Data for the task —

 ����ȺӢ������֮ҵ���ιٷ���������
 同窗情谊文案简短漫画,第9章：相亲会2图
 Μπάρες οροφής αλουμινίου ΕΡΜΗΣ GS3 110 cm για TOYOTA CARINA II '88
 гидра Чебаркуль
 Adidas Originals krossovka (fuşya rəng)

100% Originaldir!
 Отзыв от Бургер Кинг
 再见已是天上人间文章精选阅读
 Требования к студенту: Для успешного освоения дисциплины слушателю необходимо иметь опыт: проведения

---

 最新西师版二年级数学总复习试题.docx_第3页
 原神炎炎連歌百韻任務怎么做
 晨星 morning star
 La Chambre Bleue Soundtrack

What the task requires —
Repeat exactly the lines above from the one with "原神炎炎連歌百韻任務怎么做" up to and including the one with "La Chambre Bleue Soundtrack". No other line belongs in the reply.

Task output —
 原神炎炎連歌百韻任務怎么做
 晨星 morning star
 La Chambre Bleue Soundtrack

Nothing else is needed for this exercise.